Notes to the financial statements: principles

1. Accounting principles

1.Accounting principles

The present financial statements were prepared in accordance with the provisions of Swiss financial reporting law (Title Thirty-Two of the Code of Obligations).

2. Accounting and valuation principles

2.Accounting and valuation principles

The main items are recognised as follows:

Cash and cash equivalents

Cash and cash equivalents comprise cash holdings and bank and postal account balances, and are recognised on the balance sheet at nominal value.

Replacement values of held-for-trading positions

Derivative financial instruments held for trading with a directly observable market price or directly observable input parameters are recognised at fair value. Fluctuation reserves are not created.

Current financial assets

Future cash flows in foreign currencies can be hedged. The corresponding derivative is recognised in profit or loss on the occurrence of the underlying transaction.

Trade accounts receivable

Trade accounts receivable are recognised at nominal value and impaired if necessary. A general allowance for impairment accepted for tax purposes can be made on the closing balance.

Other receivables

Other receivables are measured at nominal values. Any counterparty risks are accounted for by means of necessary impairment.

Provided the conditions for large orders are met, long-term construction contracts are valued in accordance with the percentage of completion (PoC) method. Following the consolidated financial statements, these are recognised in other receivables. Under the PoC method, in addition to acquisition or production costs a portion of profits corresponding to the percentage of completion of the order is calculated, provided that the order’s realisation is reasonably certain. The percentage of completion is calculated on the basis of the accrued costs in relation to the anticipated total costs (cost to cost). If the conditions for applying the PoC method are not met, recognition is under work in progress.

Inventories and work in progress

Inventories and work in progress are recognised at acquisition or production cost taking account of economically necessary impairments. Otherwise, a general provision for impairment accepted for tax purposes may be made.
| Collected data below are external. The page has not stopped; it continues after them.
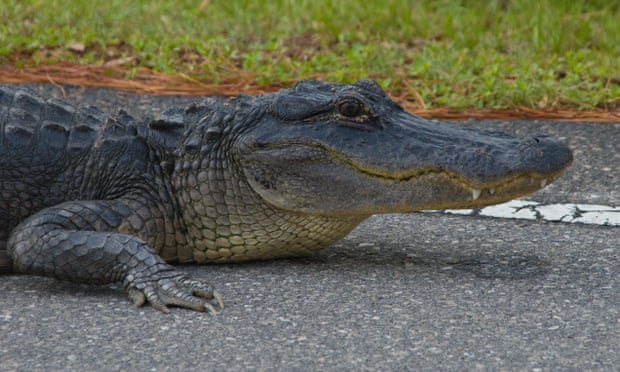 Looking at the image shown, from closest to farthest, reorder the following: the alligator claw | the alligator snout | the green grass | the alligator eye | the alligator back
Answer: the alligator claw
the alligator snout
the alligator eye
the alligator back
the green grass

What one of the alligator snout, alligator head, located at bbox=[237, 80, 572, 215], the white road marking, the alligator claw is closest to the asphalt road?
the alligator claw

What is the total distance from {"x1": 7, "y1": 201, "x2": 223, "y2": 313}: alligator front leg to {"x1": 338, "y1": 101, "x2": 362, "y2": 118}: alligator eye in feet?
3.06

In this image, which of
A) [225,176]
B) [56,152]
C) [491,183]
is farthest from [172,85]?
[491,183]

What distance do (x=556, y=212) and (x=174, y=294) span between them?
7.57 feet

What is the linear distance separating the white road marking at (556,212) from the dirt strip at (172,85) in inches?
50.1

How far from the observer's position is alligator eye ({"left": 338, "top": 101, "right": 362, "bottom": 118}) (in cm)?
412

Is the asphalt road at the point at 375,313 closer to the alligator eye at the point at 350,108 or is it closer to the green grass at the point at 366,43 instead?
the alligator eye at the point at 350,108

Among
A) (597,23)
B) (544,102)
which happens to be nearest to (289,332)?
(544,102)

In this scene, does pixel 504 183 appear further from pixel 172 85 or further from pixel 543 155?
pixel 172 85

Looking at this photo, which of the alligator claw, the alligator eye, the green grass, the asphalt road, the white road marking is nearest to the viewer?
the asphalt road

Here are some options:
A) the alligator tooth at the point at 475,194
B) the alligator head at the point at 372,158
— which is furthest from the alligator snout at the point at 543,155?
the alligator tooth at the point at 475,194

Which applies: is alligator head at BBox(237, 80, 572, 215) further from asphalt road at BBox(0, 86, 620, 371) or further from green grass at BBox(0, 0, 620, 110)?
green grass at BBox(0, 0, 620, 110)

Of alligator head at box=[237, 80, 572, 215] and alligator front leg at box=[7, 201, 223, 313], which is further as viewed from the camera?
alligator head at box=[237, 80, 572, 215]

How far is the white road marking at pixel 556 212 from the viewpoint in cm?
500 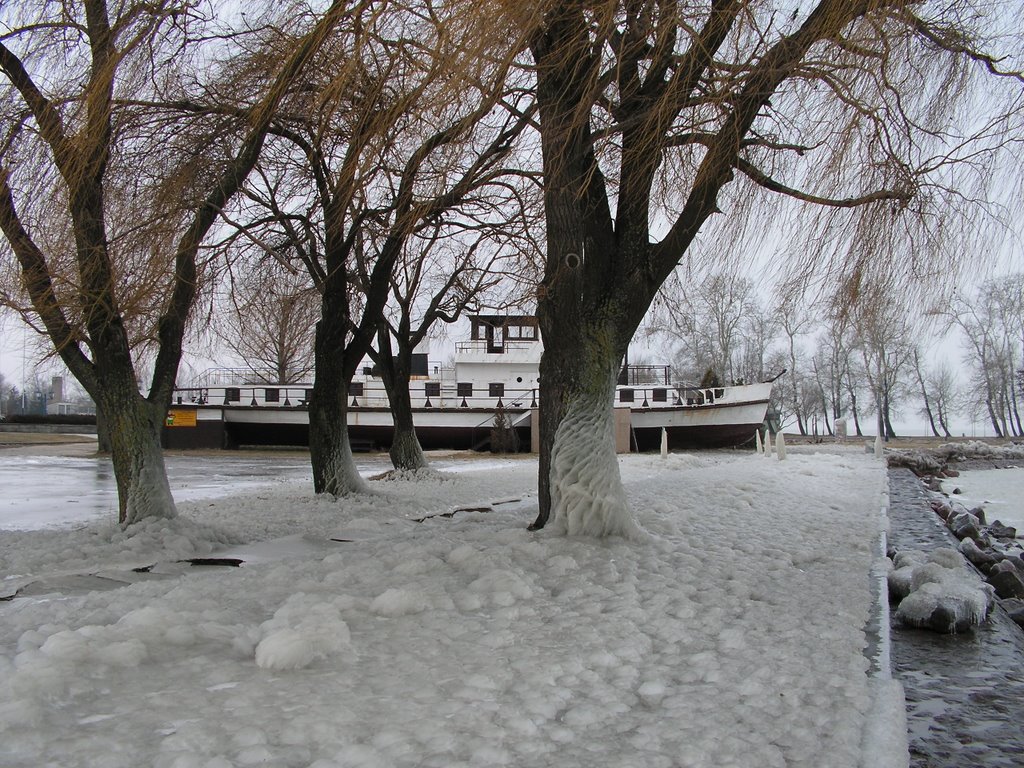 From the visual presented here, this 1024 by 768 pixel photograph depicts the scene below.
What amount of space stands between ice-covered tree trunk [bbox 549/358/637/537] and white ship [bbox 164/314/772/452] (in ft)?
69.0

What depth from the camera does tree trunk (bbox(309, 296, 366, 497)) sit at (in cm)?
953

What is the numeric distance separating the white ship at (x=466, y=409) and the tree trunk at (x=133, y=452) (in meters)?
20.3

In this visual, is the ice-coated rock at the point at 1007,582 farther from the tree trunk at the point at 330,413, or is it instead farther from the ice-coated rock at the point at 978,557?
the tree trunk at the point at 330,413

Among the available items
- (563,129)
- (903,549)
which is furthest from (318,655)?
(903,549)

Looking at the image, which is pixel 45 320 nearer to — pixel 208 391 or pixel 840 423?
pixel 208 391

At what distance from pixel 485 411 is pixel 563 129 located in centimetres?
2316

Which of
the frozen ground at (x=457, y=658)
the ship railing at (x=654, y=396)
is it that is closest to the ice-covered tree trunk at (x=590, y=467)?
the frozen ground at (x=457, y=658)

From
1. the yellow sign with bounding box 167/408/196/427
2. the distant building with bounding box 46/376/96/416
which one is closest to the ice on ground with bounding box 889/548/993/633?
the yellow sign with bounding box 167/408/196/427

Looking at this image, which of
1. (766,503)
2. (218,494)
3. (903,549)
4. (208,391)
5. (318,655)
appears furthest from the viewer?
(208,391)

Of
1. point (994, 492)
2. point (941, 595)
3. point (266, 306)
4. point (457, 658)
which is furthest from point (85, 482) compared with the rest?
point (994, 492)

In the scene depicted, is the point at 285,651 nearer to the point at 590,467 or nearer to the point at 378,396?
the point at 590,467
Prepaid expenses and accrued income/deferred income and accrued expenses

Accruals and deferrals comprise the assets and liabilities resulting from the allocation of individual expense and income items in accordance with the accrual and matching principles. The origination costs of interest-bearing liabilities are capitalised under prepaid expenses and accrued income. Accruals and deferrals for goods and services delivered or received but not yet invoiced are recognised in prepaid expenses and accrued income or deferred income and accrued expenses as applicable. Accruals and deferrals are recognised at their nominal value.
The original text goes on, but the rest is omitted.